Tweestrijd

Bernadette Keizer 1 jun 2015

Wat is lef? En wat moet ik doen om het te bezitten? De man die zonder aarzelen in een vuurzee springt en twee kleine kinderen redt? De jongen die, aangemoedigd door zijn vrienden, met tweehonderd kilometer per uur over de snelweg scheurt? Of de beste vriendin die je eerlijk zegt: ‘Ja, die broek maakt je wel dik…’?

Ik heb mezelf nooit gezien als iemand met veel lef. Maar nu moet ik al mijn moed van de afgelopen negentien jaar bij elkaar verzamelen. Vandaag ontmoet ik mijn moeder.

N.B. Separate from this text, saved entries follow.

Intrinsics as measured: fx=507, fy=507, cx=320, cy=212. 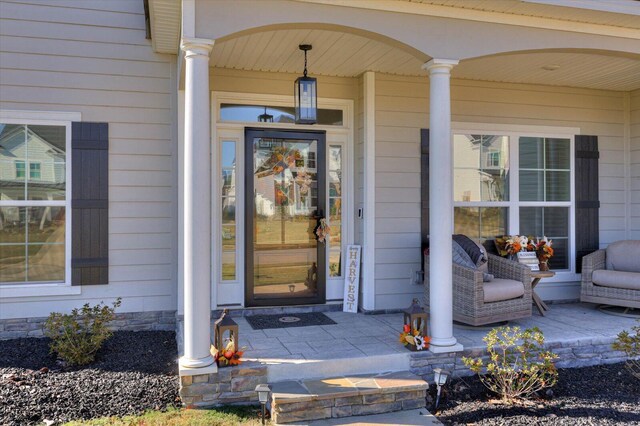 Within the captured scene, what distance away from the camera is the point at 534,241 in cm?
578

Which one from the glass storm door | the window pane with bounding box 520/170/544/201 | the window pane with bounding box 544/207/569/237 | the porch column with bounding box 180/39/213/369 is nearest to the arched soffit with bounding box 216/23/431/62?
the porch column with bounding box 180/39/213/369

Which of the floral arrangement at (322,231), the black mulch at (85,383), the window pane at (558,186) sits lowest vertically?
the black mulch at (85,383)

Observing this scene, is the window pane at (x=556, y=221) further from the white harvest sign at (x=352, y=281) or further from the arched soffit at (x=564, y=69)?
the white harvest sign at (x=352, y=281)

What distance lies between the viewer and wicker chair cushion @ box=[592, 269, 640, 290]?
5.17 meters

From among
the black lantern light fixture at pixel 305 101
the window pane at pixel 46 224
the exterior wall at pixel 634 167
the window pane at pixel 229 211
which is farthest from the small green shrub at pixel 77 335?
the exterior wall at pixel 634 167

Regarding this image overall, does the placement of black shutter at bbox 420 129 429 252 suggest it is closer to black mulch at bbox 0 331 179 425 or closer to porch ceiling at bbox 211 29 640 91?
porch ceiling at bbox 211 29 640 91

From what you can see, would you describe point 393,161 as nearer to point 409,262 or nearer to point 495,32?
point 409,262

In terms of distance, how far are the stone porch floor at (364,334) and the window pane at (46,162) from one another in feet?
6.97

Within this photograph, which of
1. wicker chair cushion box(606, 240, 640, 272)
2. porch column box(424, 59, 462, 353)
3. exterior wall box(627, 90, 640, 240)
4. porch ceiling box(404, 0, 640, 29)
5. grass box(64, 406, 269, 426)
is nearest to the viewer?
grass box(64, 406, 269, 426)

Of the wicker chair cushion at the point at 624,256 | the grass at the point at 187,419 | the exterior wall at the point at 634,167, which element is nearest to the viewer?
the grass at the point at 187,419

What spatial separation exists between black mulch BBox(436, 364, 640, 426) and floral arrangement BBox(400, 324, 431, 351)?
0.33 meters

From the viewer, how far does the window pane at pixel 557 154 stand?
19.8ft

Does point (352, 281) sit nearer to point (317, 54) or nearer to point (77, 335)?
point (317, 54)

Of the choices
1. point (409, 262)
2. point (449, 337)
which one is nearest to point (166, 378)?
point (449, 337) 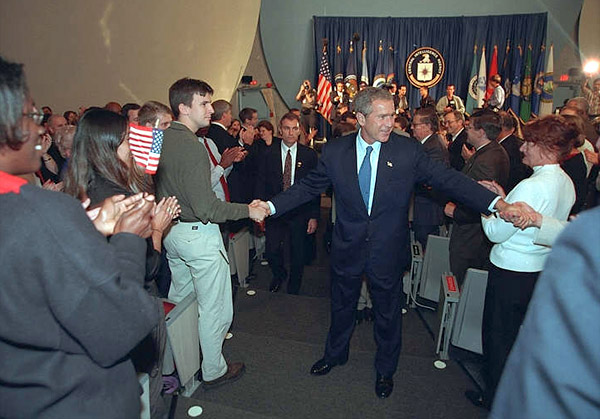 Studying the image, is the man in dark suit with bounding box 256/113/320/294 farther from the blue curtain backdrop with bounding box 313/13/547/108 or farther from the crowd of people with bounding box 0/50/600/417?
the blue curtain backdrop with bounding box 313/13/547/108

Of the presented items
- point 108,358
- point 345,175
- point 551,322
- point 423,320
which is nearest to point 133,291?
point 108,358

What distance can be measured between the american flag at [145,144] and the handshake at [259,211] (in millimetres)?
760

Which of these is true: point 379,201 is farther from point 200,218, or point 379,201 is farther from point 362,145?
point 200,218

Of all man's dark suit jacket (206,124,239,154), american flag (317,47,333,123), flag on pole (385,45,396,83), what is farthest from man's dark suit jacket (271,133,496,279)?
flag on pole (385,45,396,83)

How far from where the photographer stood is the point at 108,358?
0.95m

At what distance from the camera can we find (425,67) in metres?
10.2

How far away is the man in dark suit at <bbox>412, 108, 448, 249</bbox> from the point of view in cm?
375

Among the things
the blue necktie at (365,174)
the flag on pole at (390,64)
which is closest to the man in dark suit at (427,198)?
the blue necktie at (365,174)

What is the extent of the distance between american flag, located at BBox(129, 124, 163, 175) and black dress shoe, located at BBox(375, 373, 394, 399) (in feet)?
5.83

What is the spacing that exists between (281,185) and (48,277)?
2974mm

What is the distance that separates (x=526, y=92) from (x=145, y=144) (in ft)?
34.0

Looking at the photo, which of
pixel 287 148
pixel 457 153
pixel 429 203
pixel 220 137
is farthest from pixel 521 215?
pixel 220 137

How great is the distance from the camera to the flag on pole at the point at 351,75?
32.6ft

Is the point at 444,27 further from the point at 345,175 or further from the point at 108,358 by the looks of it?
the point at 108,358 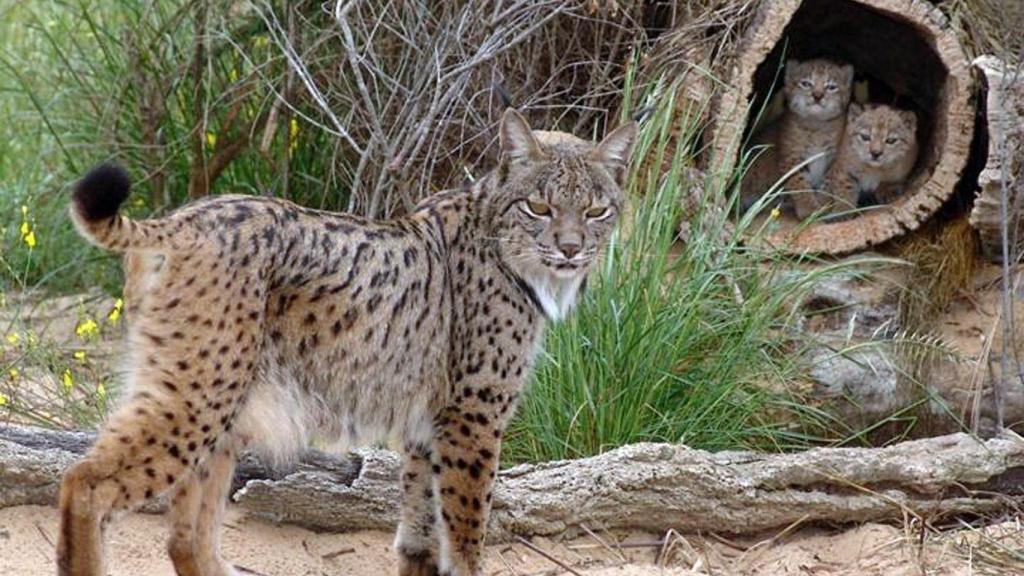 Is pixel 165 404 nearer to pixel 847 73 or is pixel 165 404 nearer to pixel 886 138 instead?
pixel 886 138

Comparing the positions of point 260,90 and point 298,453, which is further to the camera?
point 260,90

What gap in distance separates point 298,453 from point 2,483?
2.87ft

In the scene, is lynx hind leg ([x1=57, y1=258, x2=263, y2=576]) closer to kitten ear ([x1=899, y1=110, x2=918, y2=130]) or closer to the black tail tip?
the black tail tip

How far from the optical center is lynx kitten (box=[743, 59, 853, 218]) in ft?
28.7

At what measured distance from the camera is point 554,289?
5.22 m

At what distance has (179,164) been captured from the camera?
26.3 ft

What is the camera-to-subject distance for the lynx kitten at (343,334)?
4301mm

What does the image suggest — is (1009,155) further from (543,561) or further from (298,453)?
(298,453)

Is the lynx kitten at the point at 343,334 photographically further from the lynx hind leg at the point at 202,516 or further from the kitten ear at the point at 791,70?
the kitten ear at the point at 791,70

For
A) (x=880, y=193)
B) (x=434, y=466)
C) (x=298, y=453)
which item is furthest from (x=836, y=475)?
(x=880, y=193)

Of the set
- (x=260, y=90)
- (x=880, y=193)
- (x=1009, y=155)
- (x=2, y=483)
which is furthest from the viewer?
(x=880, y=193)

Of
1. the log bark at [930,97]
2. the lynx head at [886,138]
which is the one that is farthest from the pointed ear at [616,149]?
the lynx head at [886,138]

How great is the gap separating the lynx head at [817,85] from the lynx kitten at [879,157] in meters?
0.18

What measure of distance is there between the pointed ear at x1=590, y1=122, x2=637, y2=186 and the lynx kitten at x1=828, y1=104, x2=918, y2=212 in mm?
3293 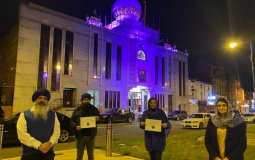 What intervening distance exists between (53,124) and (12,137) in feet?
30.0

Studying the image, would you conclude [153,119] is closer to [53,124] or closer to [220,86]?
[53,124]

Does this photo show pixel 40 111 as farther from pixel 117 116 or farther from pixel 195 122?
pixel 117 116

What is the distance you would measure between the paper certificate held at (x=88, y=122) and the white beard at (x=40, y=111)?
240 cm

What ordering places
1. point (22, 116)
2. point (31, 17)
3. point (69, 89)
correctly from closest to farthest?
point (22, 116) < point (31, 17) < point (69, 89)

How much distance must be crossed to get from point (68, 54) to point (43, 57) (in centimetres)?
377

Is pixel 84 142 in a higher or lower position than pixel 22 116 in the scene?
lower

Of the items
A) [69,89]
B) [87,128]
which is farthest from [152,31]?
[87,128]

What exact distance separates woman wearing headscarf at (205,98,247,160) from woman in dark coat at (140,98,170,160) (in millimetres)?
1798

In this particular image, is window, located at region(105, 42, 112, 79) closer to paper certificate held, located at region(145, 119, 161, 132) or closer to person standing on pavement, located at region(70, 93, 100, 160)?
person standing on pavement, located at region(70, 93, 100, 160)

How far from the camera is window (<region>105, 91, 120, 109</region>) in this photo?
38938 mm

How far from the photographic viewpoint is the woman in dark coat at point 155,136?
600 centimetres

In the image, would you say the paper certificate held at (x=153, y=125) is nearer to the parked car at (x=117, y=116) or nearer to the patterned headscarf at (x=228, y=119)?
the patterned headscarf at (x=228, y=119)

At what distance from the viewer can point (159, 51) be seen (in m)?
50.3

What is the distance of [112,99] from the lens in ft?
130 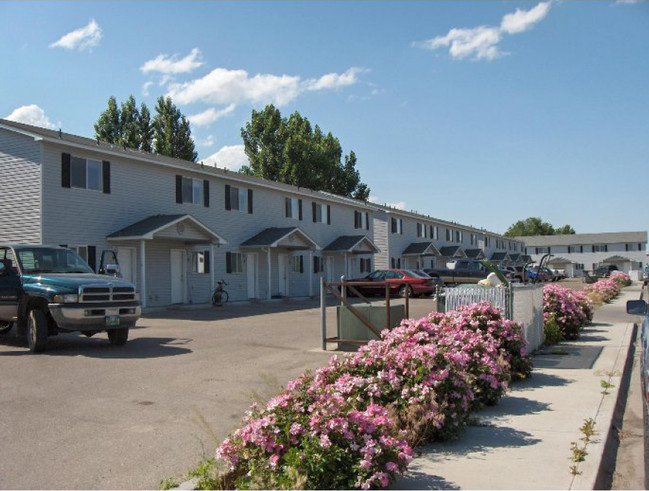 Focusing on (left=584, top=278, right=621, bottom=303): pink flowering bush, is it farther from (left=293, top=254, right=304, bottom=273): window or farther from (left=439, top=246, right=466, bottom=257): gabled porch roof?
(left=439, top=246, right=466, bottom=257): gabled porch roof

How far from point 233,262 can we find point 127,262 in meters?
6.90

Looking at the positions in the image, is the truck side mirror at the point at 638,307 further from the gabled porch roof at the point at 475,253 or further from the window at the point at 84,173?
the gabled porch roof at the point at 475,253

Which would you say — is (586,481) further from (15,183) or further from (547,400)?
(15,183)

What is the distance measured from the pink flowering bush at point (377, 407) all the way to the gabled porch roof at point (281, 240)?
20.3 metres

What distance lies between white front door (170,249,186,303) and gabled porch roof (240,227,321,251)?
13.9 feet

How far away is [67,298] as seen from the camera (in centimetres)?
1128

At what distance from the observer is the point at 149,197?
23531 mm

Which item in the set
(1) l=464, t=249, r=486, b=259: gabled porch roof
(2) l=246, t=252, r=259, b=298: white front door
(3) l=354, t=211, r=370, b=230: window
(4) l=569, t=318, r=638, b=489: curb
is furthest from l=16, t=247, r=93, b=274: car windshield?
(1) l=464, t=249, r=486, b=259: gabled porch roof

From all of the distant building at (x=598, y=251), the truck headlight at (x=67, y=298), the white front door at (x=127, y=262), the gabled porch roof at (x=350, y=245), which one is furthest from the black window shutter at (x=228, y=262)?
the distant building at (x=598, y=251)

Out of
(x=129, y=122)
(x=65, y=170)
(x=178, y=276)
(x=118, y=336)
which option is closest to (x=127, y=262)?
(x=178, y=276)

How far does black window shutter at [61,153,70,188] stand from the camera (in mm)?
19969

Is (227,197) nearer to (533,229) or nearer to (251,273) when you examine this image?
(251,273)

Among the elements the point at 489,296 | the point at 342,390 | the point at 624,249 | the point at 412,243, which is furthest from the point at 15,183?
the point at 624,249

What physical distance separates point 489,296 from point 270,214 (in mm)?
21948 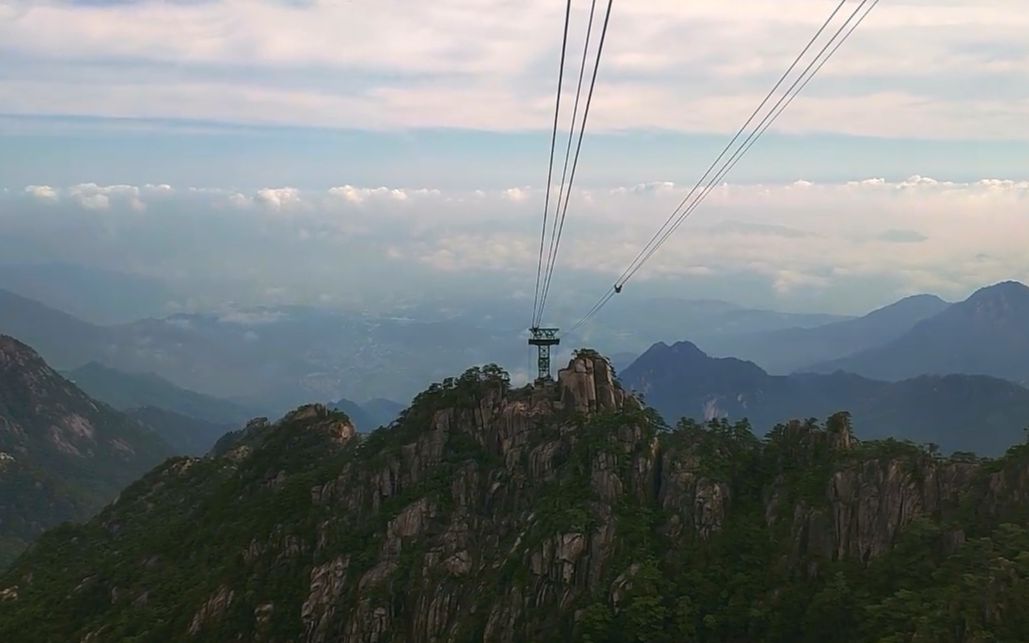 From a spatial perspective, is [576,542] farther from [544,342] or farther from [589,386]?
[544,342]

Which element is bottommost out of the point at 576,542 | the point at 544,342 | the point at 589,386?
the point at 576,542

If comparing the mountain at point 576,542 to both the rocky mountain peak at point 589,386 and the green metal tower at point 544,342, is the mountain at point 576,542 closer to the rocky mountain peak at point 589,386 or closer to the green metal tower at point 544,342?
the rocky mountain peak at point 589,386

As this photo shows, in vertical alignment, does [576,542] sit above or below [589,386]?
below

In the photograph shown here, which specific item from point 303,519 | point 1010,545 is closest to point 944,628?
point 1010,545

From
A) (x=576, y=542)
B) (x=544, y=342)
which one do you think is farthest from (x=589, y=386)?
(x=576, y=542)

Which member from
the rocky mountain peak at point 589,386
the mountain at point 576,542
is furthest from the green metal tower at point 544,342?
the rocky mountain peak at point 589,386

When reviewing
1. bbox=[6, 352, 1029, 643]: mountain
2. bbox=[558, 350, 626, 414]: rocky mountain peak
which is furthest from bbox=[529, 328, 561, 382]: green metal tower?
bbox=[558, 350, 626, 414]: rocky mountain peak

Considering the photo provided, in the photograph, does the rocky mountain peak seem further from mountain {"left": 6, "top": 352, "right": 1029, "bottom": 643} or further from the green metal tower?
the green metal tower

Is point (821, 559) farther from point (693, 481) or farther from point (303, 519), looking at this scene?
point (303, 519) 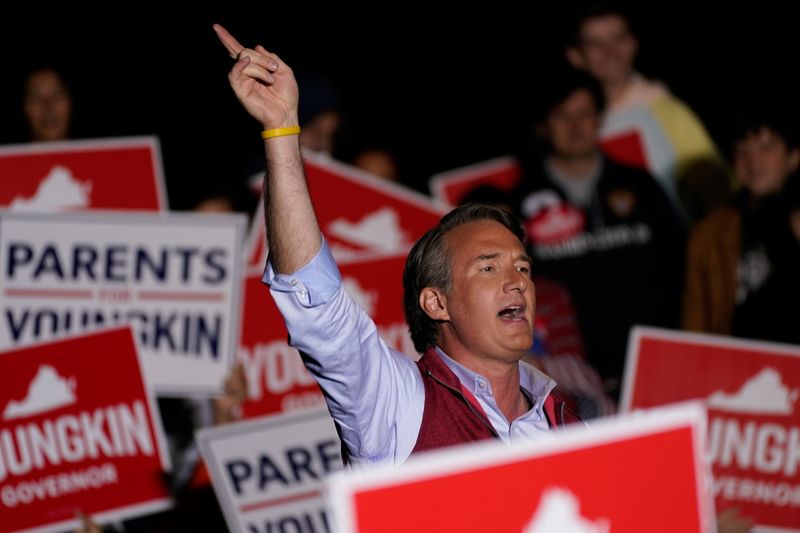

Daar sta je dan. De vrouw die ik zou moeten herkennen. Ik zou jouw ogen hebben, is mij verteld. Mijn lippen komen overeen met die van jou, net zoals de kleine sproetjes op mijn neus. Ja, zoals je hier nu voor me staat. Alles klopt. Toch voelt het niet goed.

De herinnering staat nog goed in mijn geheugen gegrift. Ik, in pyjama met mijn knuffelbeer, kijkend hoe mama wegging. Politie. ‘Papa komt eraan, geen zorgen,’ probeerde de buurvrouw met troostende woorden. Papa zou komen, inderdaad. Maar waar ging mama heen?

Jaren vlogen voorbij. Het meisje met de knuffelbeer groeide op. Ze ruilde haar poppen in voor pen en papier. De vlechtjes in haar haren liet ze dansen.
Jij was als mijn anker, mama. Zodra ik je los liet ging alles beter. Met windkracht tien in de zeilen ging ik vooruit.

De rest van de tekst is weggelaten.